Our children are now independent. The older daughter, Antonia,
holds M.A. degrees in political science and demography, and works
in the Boston area. Our son, Brink, has an M.B.A. degree and is
an industrial planner in Oregon. Our younger daughter, Juliana,
envisages a career in the financial world. She has interrupted
her banking job to obtain an M.B.A. in Philadelphia.
In this family setting my career in teaching and research at
Harvard unfolded: Junior Fellow, Society of Fellows 1949 - 1951;
Associate Professor 1951- 1957; Gordon McKay Professor of Applied
Physics 1957 - 1980; Rumford Professor of Physics 1974 - 1980;
Gerhard Gade University Professor 1980 present. While a Junior
Fellow, I broadened my experimental background to include
microwave spectroscopy and some nuclear physics at the Harvard
cyclotron. I preferred the smaller scale experiments of
spectroscopy, where an individual, or a few researchers at most,
can master all aspects of the problem. When I returned to NMR in
1951, there were still many nuggets to be unearthed. My group
studied nuclear quadrupole interactions in alloys and imperfect
ionic crystals, discovered the anisotropy of the Knight shift in
noncubic metals, the scalar and tensor indirect nuclear spin-spin
coupling in metals and insulators, the existence of different
temperatures of the Zeeman, exchange and dipolar energies in
ferromagnetic relaxation, and a variety of cross relaxation
phenomena. All this activity culminated in the proposal for a
three-level solid state maser in 1956.
Although I was well aware of the applicability of the multilevel
pumping scheme to other frequency ranges, I held the opinion -
even after Schawlow and Townes published their proposal for an
optical maser in 1958 - that it would be impossible for a small
academic laboratory, without previous expertise in optics, to
compete successfully in the realization of lasers. This may have
been a self-fulfilling prophesy, but it is a matter of record
that nearly all types of lasers were first reduced to practice in
industrial laboratories, predominantly in the U.S.A.
I recognized in 1961 that my laboratory could exploit some of the
new research opportunities made accessible by laser
instrumentation. Our group started a program in a field that
became known as "Nonlinear Optics". The early results are
incorporated in a monograph of this title, published by W. A.

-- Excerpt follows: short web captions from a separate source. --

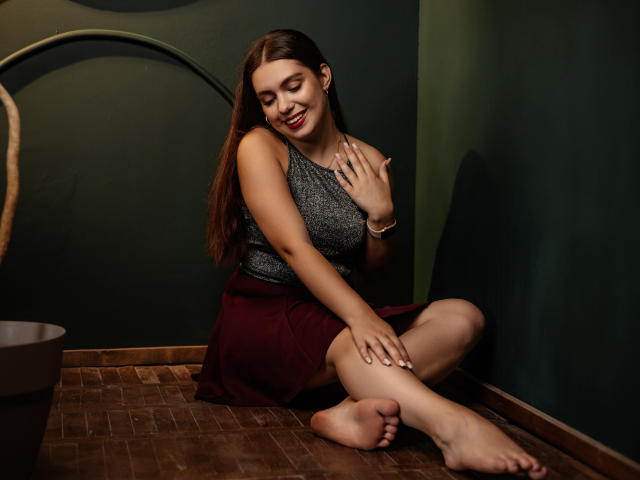 MilanaKitty with long brown hair, gray sleeveless top, red skirt, sitting on wooden floor, smiling, touching her chest, bare feet, green wall, dark brown lamp in the background.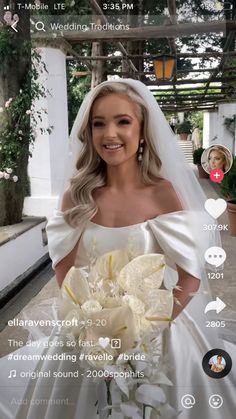 a woman in a wedding dress holding a bouquet and smiling at the camera with her phone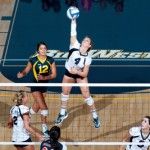 SCOTT ROEDER | Staff PhotographerKari Pestolesi (4) spikes the ball against Cal State Fullerton as Kristin Winkler (12) looks on. UCI wins 3-0.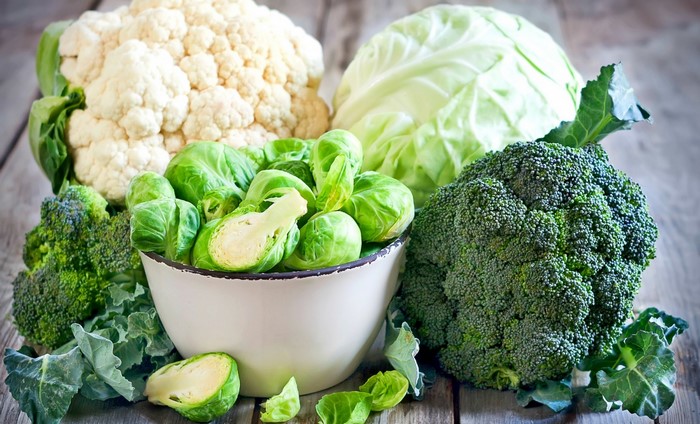 Assortment of fresh cruciferous vegetables on a wooden surface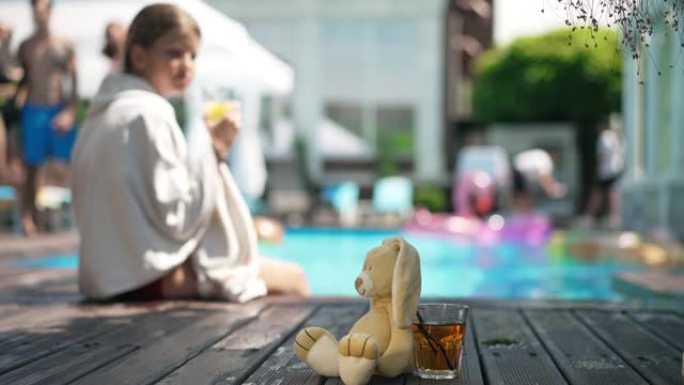 游泳池边甲板上健康的维生素汁和兔子玩具，模糊的女孩坐在毛巾的背景下喝酒。健康的生活方式和快乐的暑假理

Benjamin, New York, in 1965, and the program is still flourishing
today. The principal support for all this work, over a period of
more than thirty years, has been provided by the Joint Services
Electronics Program of the U. S. Department of Defense, with a
minimum amount of administrative red tape and with complete
freedom to choose research topics and to publish.
My academic career at Harvard has resulted in stimulating
interactions with many distinguished colleagues, and also with
many talented graduate students. My coworkers have included about
sixty Ph.D. candidates and a similar number of postdoctoral
research fellows. The contact with the younger generations keeps
the mind from aging too rapidly. The opportunities to participate
in international summer schools and conferences have also
enhanced my professional and social life. My contacts outside the
academic towers, as a consultant to various industrial and
governmental organizations, have given me an appreciation for the
problems of socio-economic and political origin in the "real"
world, in addition to those presented by the stubborn realities
of matter and instruments in the laboratory.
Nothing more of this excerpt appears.